The air was brisk in that cold early morning outside the terminal doors of Melbourne international airport. Business people stepped out of taxis and crossed the threshold from the early soft rendered light into the shadow of the main terminal building. Travellers and workers crissed crossed in front of me as I stood outside and breathed in that crisp Australian air for the first time, the victory of which seemed reticent despite all the energy, detours and dreams to finally get here.
With my priorities in check, I tracked down a vintage camera shop on the corner of Elizabeth and Lonsdale in the CBD called Camera Exchange. I decided beforehand that medium format film would achieve the level of detail that I craved. I couldn't afford a full frame digital camera but needed better resolution than I was currently getting from the cropped sensor of my Nikon D80.
Once inside, I made inquiries if they had any models that I could look at, and on the way to the displays I briskly asked about large format cameras that were set up on tripods in the middle of the store. Paul, the British Melbournite who had a faint London twang dismissed this inquiry almost as quickly as I had suggested it. "Oh you don't want to get involved in that" and led me to the far wall which was lined with glass mirrored cabinets housing various brands of cameras.

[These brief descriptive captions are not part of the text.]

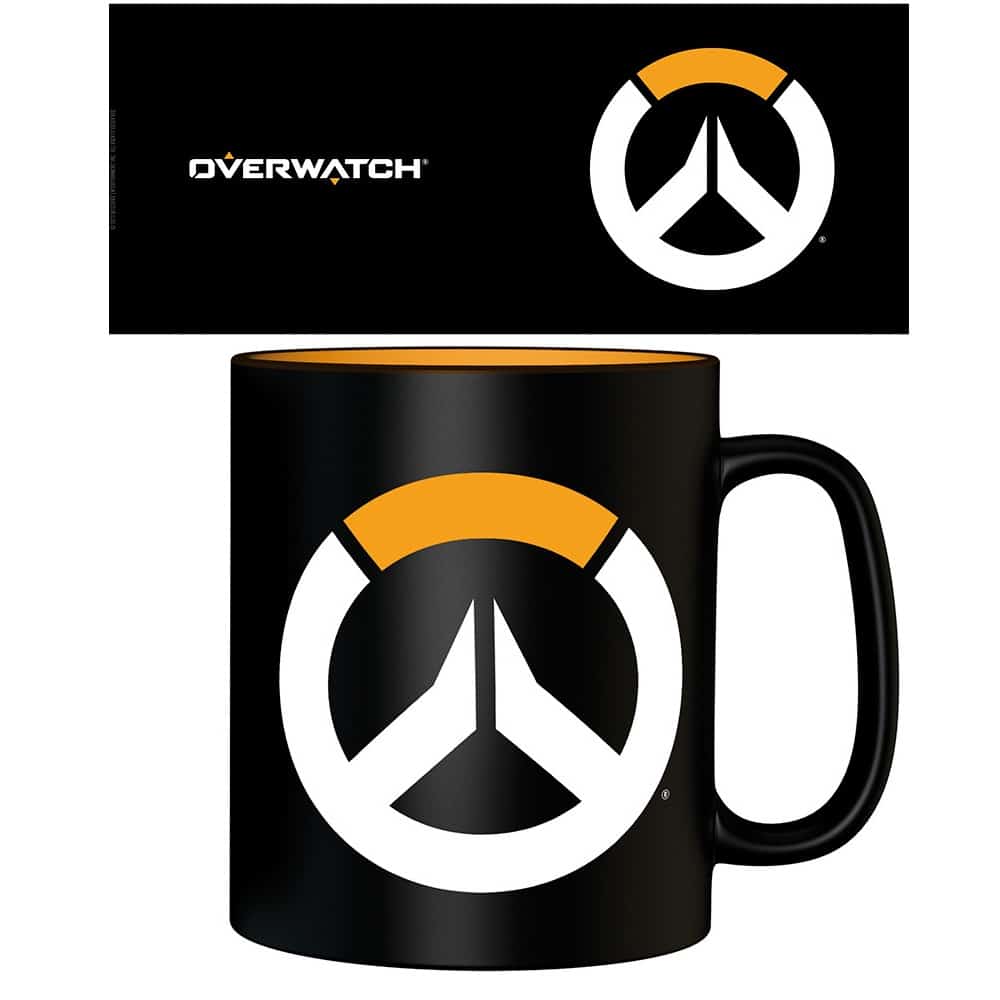 ABYMUG522 Overwatch Logo King Size Mug a.jpg
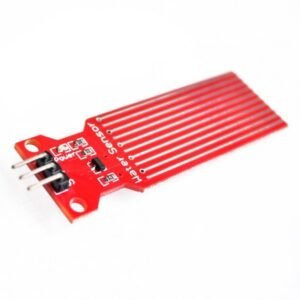 modulo-sensor-de-nivel-de-agua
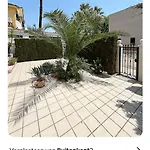 Art House 3br Private Pool *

When I saw it I knew that that was the one, the cult classic that professionals used in the seventies. I had been looking at them online for months beforehand and this was the first time I had seen one live. A Hasselblad 500c. Built in Sweden in 1971. No electronics. Just cogs and springs. It was housed in classic silver and black and there was hardly a mark on it; impressive since this model was made two years before Dark Side of the Moon was released. This would be the camera that would document my travels around an unknown southern land.

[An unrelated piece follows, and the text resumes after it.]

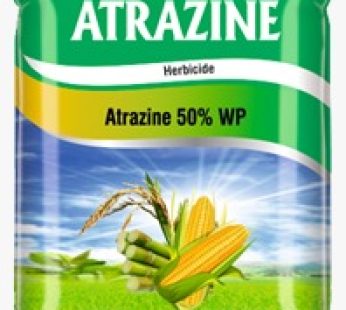 ATRAZINE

Towards the Flinders Ranges, SA, 2010.
When I went back to the UK two years later I returned with approximately 50 rolls of film that were shot over 18 months on the road. I received all the negatives in one batch, all sleeved in files with two accompanying DVDs of digital scans. I felt excited but that was short lived when I saw the quality of the files on my computer. Most of them were poor batch scans made at the time of processing, suffering from artifacts and banding. It was much more noticeable on the black and white negatives and apart from a few usable photographs, I have printed just over a handful since then.
Fast forward seven years to 2018 and I have just recently bought an flatbed film scanner to start the process of digitising, sequencing and editing that trip for the first time.
This blog is a retrospective photographic account from that time where I travelled from one area of the country to another. It will show not only the edited photos but also fragments of the journey, journal entries and notes from that the time, most of which I have never looked at or reviewed until now.